There’s not a whole lot us students can do about book prices at campus bookstores They’re just expensive. The popularity of this issue, however, made it the focus of a forum presented by the Michigan Student Assembly, an organization that actually can and should do something to deal with the problem. Directed at finding alternatives to help alleviate the burden of book expenditures, last week’s forum brought together students, administrators and bookstore owners in a discussion that was a formidable starting point. By the end of the forum, an astonishing conclusion was reached: Books are expensive. Possibly too expensive.

It’s good that all parties have come to agree on this point, but obviously more needs to be done. We hope MSA plans to follow up on the forum and perhaps institute reform toward alleviating the burden of overpriced books.

Many times students trade books amongst each other or find bargains for their books online, but this only works when students know what books they need ahead of time. It isn’t too much to ask teachers to make their book lists available to students ahead of time. Whether placed on C-tools, Wolverine Access or some other central website, having information about books ahead of time makes it possible for students to purchase books online and have them delivered in time for the new term.
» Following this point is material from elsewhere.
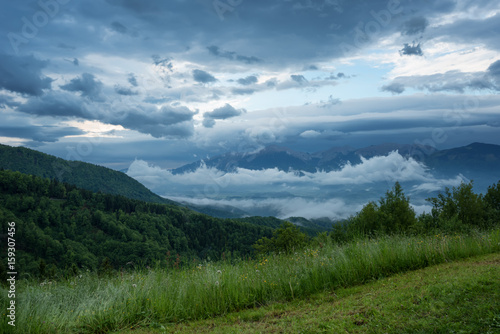 Mountain landscape shortly after spring rain. Slovenian Alps. Forest Road, venerable tree, fog, clouds and peaks. The village of Jamnik Slovenia.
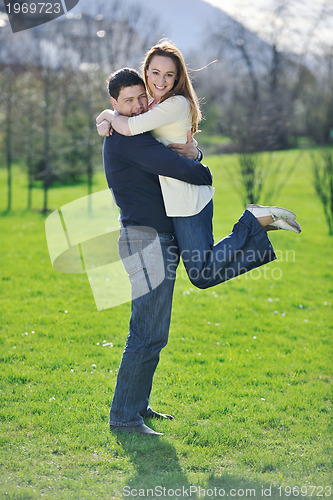 Image of happy couple outdoor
The University has balked at requiring professors to provide book lists well in advance, arguing that most instructors have not finalized their book lists until just shortly before the term begins. However, teachers have always released their book lists to select stores weeks before the beginning of the term. After all, bookstores too need time to order books and have them in stock. Teachers may be driven by the wonderful intention of helping local businesses – or less noble aims – but in any case, they’re contributing to the creation of an effective monopoly that squeezes students. Professors should not support such exclusive agreements at the expense of broke college students.

Many students have independently wizened up and are already emailing professors before classes begin to get names of the required texts with enough time to order them online. While such spectacular individual initiative brings us to tears, when it comes down to it, the University shouldn’t make students jump through all these hoops to get a bargain on their books. MSA, as a body that claims to fight for student issues, must make sure that it doesn’t overlook this one while moving onto future forums about other issues.

Despite MSA’s history of empty pledges, we’re willing to give it a fair shot at proving itself able to deal with this situation. In the meantime, students themselves need to be proactive. Why continue to stand in lines reminiscent of the one for Top Thrill Dragster at Cedar Point only to pay twice as much for a book you could more conveniently and cheaply purchase on Amazon.com? Don’t do it. Trade books with friends, pester professors about book lists and buy your textbooks online. At the very least, professors might begin to voluntarily post book information ahead of time.